Ahora que ya han pasado dos decenios, quizá haya llegado el momento de explicar que el tantas veces mentado estos días Espíritu de Ermua fue una patraña. Seguramente, una de las más pútridas de las muchísimas que nos han echado a roer en la larga e inacabada guerra del norte, como lo atestiguan decenas de folios de los sumarios de la Gürtel y otras tramas puferas. Un puñado bastante numeroso y hasta diverso de vivales sin escrúpulos levantaron el engendro a partir de los quintales de dolor y rabia legítimos que había provocado el despiadado y miserable (no seré yo quien ahorre epítetos) asesinato a plazos de Miguel Ángel Blanco.

Apoyándose en la indignación verdadera y con un arsenal mediático incalculable en tamaño y desvergüenza, tardó muy poco en prender y propagarse —de ese verbo viene el sustantivo propaganda— como una epidemia. Como los panes y los peces bíblicos, en cuestión de semanas se multiplicaron las organizanes subvencionables formadas por veteranos medradores, arribistas entusiastas, ególatras sin remedio y/o jornaleros del exabrupto al peso, como algunos que ahora se buscan las alubias en casquerías de otros credos.

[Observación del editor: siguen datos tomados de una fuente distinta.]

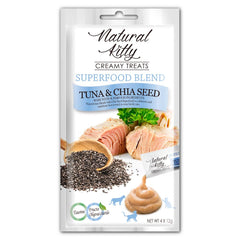 Natural Kitty Superfood Blend Tuna & Chia Seed Creamy Liquid Cat Treats 48g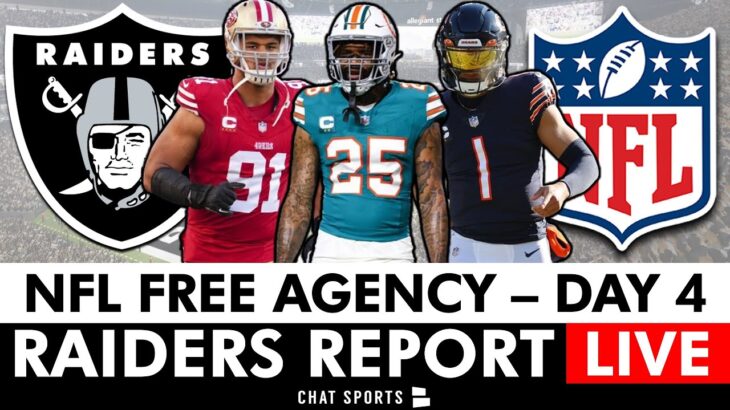 Raiders Free Agency LIVE: 2024 NFL Free Agency Tracker + Las Vegas Raiders Rumors & NFL News | Day 4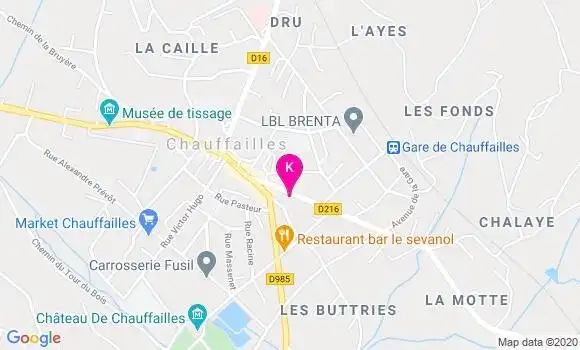 Localisation Catherine Thivolle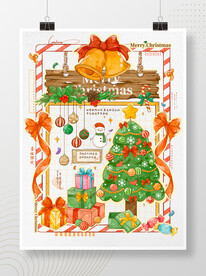 圣诞节海报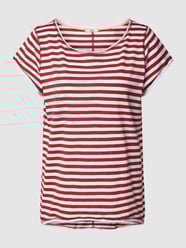 T-Shirt mit Streifenmuster von Esprit Orange - 13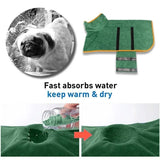 PawDry - Sneldrogende Microfiber Hondenbadjas - Zinavić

Era, sí, cuestión de pasta y fama, pero al mismo tiempo, porque resultaba perfectamente compatible, el objetivo final era ideológico. Pretendían derrotar lo que bautizaron nacionalismo obligatorio, al que identificaban groseramente como auténtico motor del terrorismo. Hubo un momento en que pareció que iban a conseguirlo, y hasta lo celebraron por anticipado con un abrazo de tornillo en el Kursaal. Por suerte, la ciudadanía vasca lo impidió el domingo 13 de mayo de 2001.

Aniversario adulterado

Sigo, poco más o menos, donde lo dejé en la última columna. Estoy empezando a empacharme del aniversario. Por desgracia, se han cumplido mis peores temores. Lo que debía ser un acto de recuerdo emocionado, sincero, doloroso, sin medias tintas —añadan lo que crean pertinente— se ha convertido en material para el panfleto de baja estofa.

Es gracioso que los que niegan a gritos la teoría del conflicto (de la que yo no soy en absoluto seguidor, ojo) parecen reinventar los hechos de tal modo que se diría que, efectivamente, aquí había —¿o sigue habiendo?— una confrontación entre unos buenos buenísimos y unos malos malísimos. ¿Las víctimas y sus victimarios, quizá? Pues no. Eso ya habría sido tosca simplificación, pero ni siquiera se quedan ahí. Los aventadores de esta fábula agrupan en el bando de la perversión a todos los que manifiestan cualquier tipo de sentimiento nacional vasco, incluidos los que siempre han rechazado sin rodeos el terrorismo de ETA. Enfrente, en el terreno de la bondad inocente de cuna, quedarían los partidarios de la unidad de España en sus diferentes grados, de los autonomistas hasta el infinito.

Miren que habría sido fácil conmemorar estas dos décadas diciendo que el secuestro y asesinato de Miguel Ángel Blanco fue una vileza nauseabunda. Tampoco habría sobrado señalar a los que guardaron silencio o, incluso, lo justificaron. Incluso cabría mandar un recado contundente a quienes todavía hoy se refugian en la ambigüedad o directamente piensan que ETA hizo lo correcto. Sin embargo, está muy de más, y perdonen que me repita, seguir sacando petróleo ideológico a aquella infamia.